When you’re using automation to parse a document, these structures/styles can also help the automation tool figure out how to understand what it’s parsing.

To someone looking at a document, a whitespace gap between columns might indicate read down one column and then move on to the next column of data, but, without the right structure, the computer might read one line at a time, combining the columns inappropriately and give you garbage data.

Screen Readability

Having your document saved in a format that allows for a screen reader to be used, that is, having all of that great text-based information available as searchable, usable text for people with disabilities, also means that it’s available for other software to use, like your automation tools.

Creating better PDFs and other ways to go digital

If you’re printing to PDF, and your document isn’t fancy (e.g., doesn’t contain any text formatting or any images), you might luck out, but you can take some active steps to make sure your document is more accessible and more usable.

As a first step, before you try to fix something that might not be broken, you can run the accessibility checkers available in MS Word and Adobe Acrobat. If you’re editing a Word document, you can find the Check Accessibility tool in the Review menu of the ribbon. If you’re using Acrobat to view an existing PDF, look under the Tools menu for the Accessibility toolset, and choose Full Check. Both of these tools will notify you of errors.

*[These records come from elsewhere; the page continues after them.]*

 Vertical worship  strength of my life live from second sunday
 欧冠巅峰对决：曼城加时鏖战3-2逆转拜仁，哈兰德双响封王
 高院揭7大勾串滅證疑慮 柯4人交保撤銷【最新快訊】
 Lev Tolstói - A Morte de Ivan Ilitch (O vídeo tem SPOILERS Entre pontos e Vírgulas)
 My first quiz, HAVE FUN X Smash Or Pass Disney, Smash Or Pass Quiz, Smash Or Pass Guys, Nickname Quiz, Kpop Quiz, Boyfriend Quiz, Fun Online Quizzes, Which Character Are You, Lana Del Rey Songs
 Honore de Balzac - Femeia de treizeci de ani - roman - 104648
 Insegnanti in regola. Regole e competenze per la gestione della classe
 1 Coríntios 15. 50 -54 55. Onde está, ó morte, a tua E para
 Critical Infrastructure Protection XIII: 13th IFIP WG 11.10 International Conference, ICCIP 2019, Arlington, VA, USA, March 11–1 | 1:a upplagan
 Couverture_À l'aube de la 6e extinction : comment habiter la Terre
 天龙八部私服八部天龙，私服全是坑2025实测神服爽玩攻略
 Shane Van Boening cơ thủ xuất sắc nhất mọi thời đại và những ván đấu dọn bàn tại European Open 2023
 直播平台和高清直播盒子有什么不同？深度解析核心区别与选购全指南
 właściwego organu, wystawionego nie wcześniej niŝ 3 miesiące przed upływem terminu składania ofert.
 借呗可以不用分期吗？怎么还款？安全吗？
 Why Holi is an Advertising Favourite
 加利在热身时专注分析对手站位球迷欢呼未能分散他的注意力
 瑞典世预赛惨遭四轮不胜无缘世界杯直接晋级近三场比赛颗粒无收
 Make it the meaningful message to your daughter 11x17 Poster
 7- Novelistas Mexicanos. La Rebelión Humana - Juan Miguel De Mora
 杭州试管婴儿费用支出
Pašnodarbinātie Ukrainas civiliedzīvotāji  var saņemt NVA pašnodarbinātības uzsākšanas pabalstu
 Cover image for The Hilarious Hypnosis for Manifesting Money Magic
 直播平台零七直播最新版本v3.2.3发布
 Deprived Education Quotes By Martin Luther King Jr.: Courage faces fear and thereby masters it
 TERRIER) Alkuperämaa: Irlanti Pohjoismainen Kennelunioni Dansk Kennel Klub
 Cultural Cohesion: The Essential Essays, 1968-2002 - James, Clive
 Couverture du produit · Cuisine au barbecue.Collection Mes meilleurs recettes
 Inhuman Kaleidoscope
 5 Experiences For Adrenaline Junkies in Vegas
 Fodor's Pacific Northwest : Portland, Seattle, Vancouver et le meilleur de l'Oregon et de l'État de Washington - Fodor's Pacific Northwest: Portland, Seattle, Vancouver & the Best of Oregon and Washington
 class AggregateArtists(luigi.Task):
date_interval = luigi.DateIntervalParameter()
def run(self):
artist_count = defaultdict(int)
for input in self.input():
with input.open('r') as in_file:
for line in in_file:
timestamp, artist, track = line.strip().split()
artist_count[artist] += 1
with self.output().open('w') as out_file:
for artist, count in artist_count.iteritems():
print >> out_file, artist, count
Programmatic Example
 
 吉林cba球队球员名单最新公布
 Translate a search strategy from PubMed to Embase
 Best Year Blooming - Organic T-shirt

If you’re using office software like MS Word or MS PowerPoint, and you’re ready to create a PDF version of that document, use File > Save As instead of File > Print. Select Browse to select the PDF’s destination folder, and use the dropdown to change the file format from, for example, Microsoft Word (.docx), to PDF, and Save. All of your alt tags and other structural elements will be preserved.

If you’re going beyond the standard black and white document, and want to experiment with color while still preserving the human readability of your documents, you can check out tools like the WebAIM Contrast Checker. It’s designed to help with websites, so the displayed colors are all in HEX, but it’s a good starting place for this topic. If you don’t know the HEX codes for colors you want to check, you can select the colored boxes to select colors using RGB values instead, or just use the sliders to pick colors that way. (These notes will make more sense if you follow the link.)

If you’re ready to move beyond PDFs, you might also want to investigate what would be involved in putting all of your information into a database. Some companies that scan paper documents for you might offer some sort of document management service as well. As an example you might have come across, there are business card scanning apps that do this, with varying degrees of success.

However you decide to move forward, if you keep an eye on accessibility for humans and screen readers, you’re taking steps in the right direction to ensure that your data is usable for your business goals, too. Happy PDF-ing!!